But to actually believe that Dipesh’s hypothetical scenario is a future reality requires a leap of faith that goes beyond technical and financial capacity and ricochets back to human will.



His imagined Kathmandu is therefore not revealing in what it shows robots can do that humans can’t, but in what it shows robots can do that humans aren’t.



This point was a major motivation for the Robotics Club of Tribhuvan University, Institute of Engineering, Pulchowk Campus, in designating the theme of this year’s Robocup 2069 competition – “Clean Bagmati, Green Kathmandu,” on which Dipesh’s sketch is based. “Garbage is growing, and all kinds of projects are coming to Bagmati, but still people aren’t aware,” says Abhishek Karna, a club member who through engineering hopes to evoke the question: “Why don’t humans do what even a robot can?”



Lift and move



Aside the theme, competitions like Robocup 2069 are ultimately about developing technical skills and galvanizing innovation to serve human needs – more so the former than the latter in countries like Nepal where robotics is still in its formative stages.



Currently, it’s National Robotics Week in the United States. The Pentagon has recently announced a competition for robots specialized to work in high-risk areas, and Iran just held its seventh annual robot football competition.



And on Saturday, May 19, an estimated 17 of the almost 30 engineering colleges across Nepal will face off in a league-style robotics competition, before an audience of over 6,000 in the Dashrath Stadium. Each team will design a manual and an automated robot that can symbolically separate waste, make manure and plant trees.

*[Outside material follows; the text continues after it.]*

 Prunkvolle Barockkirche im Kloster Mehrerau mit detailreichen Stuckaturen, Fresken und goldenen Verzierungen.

The challenge for each team will be in completing all the set tasks within a window of three minutes, without losing control of their robots or violating the size and weight requirements. Most of the student’s creative energies will go into programming and identifying suitable materials to build the robot, with little room for cool Inspector Gadget-style gimmicks. Risking loss, and with it their college’s financial support for future competitions, students sometimes sleep at their clubs for days prior to the big day. To win is reputation and a cash prize.

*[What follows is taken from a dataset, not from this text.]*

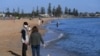 Orang-orang menikmati sinar matahari, ketika negara bagian Victoria mulai mengurangi pembatasan Covid-19, di pantai Elwood di Melbourne, Australia, 14 September 2020. (Foto: AAP/James Ross via Reuters)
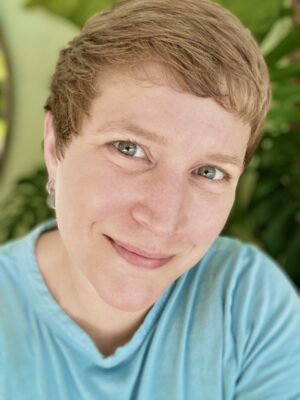 A person with short light brown hair and blue eyes smiles gently, wearing a light blue shirt. Lush green leaves blur in the background, giving this Employee Spotlight a bright and natural feel perfect for Pride 2025.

It will be a few years before Nepali robots start cart-wheeling, high-jumping, or simulating emotions like their foreign creations – at Robocup 2069, they will simply be lifting and moving. But one must really appreciate the efforts of students in nourishing robotics in Nepal, says Ramesh Chaudhary, Professor at Pulchowk Campus, who as a student two decades ago developed the first known robot in Nepal. Since the days of mechanical engineering, explains Ramesh, “the introduction of electronics and computer programming has really improved the flexibility of robotics in Nepal.”



But academic-industrial lin-kages are weak in the country, and the seminal enthusiasm of engineering students has not yet translated into practical scientific application.

According to Abhishek, “visible events like Robocup 2069 really raise the status of robotics. Every year we increase the level – we hope to solve problems but also raise the thinking capacity of students. It’ll take time for us to reach a certain standard but we have already seen a lot of improvements.”



After the competition, trophy and non-trophy robots will be dismantled. The various parts will be reused for future contests, with the hopes that some reincarnate may find life beyond its three minutes of fame.